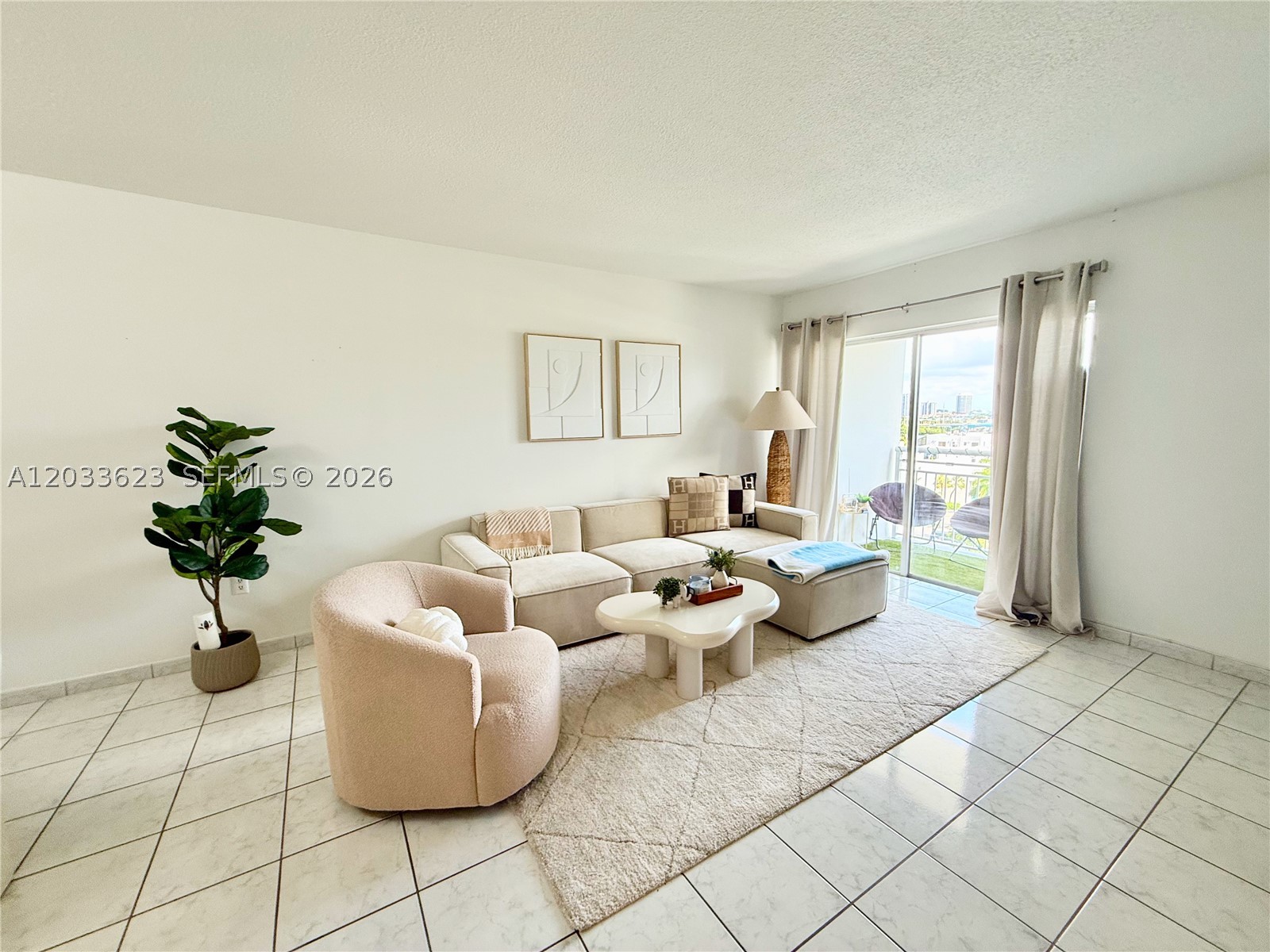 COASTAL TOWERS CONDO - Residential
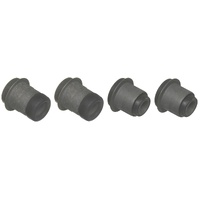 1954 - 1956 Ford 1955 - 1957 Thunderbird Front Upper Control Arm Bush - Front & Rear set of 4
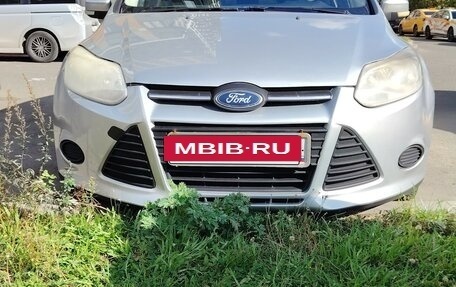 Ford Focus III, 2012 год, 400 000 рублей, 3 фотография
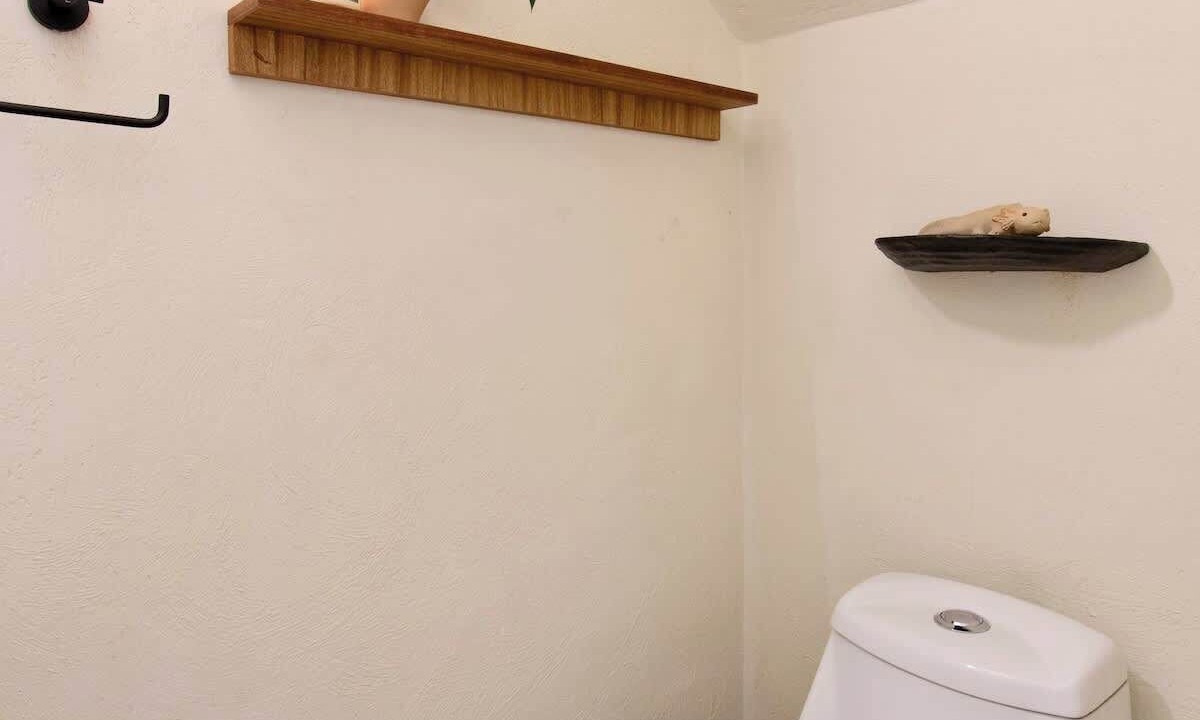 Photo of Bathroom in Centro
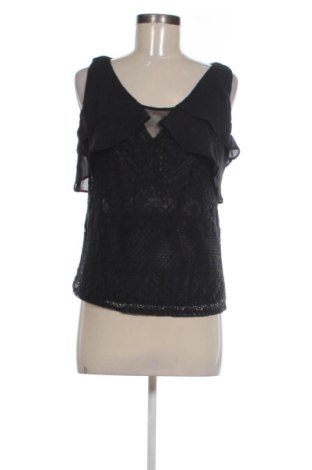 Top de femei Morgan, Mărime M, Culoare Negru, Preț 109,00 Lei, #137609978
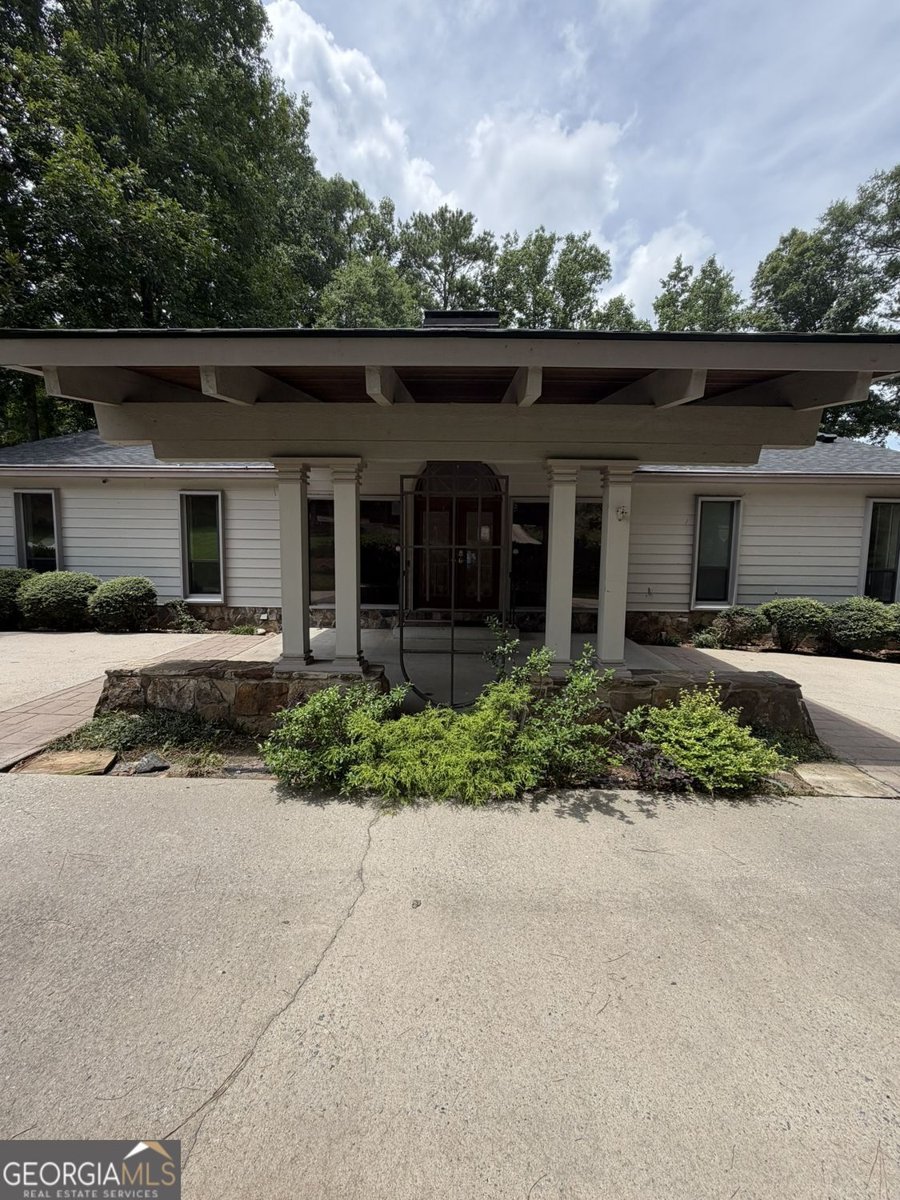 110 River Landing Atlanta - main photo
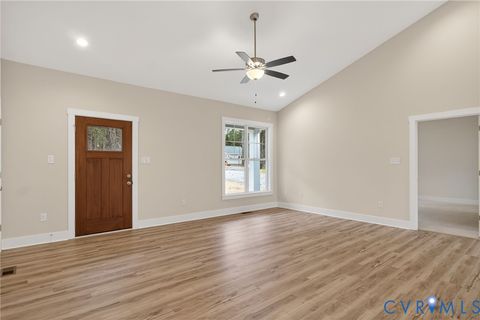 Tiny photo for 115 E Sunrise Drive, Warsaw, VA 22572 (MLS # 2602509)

• _Instructions for the task_
The line that contains "Photo of Bathroom in Centro" opens the part to copy, and the last line of the records closes it; set down those lines exactly, pictures excluded.

• _Task response_
 Photo of Bathroom in Centro
 Top de femei Morgan, Mărime M, Culoare Negru, Preț 109,00 Lei, #137609978
 110 River Landing Atlanta - main photo
 Tiny photo for 115 E Sunrise Drive, Warsaw, VA 22572 (MLS # 2602509)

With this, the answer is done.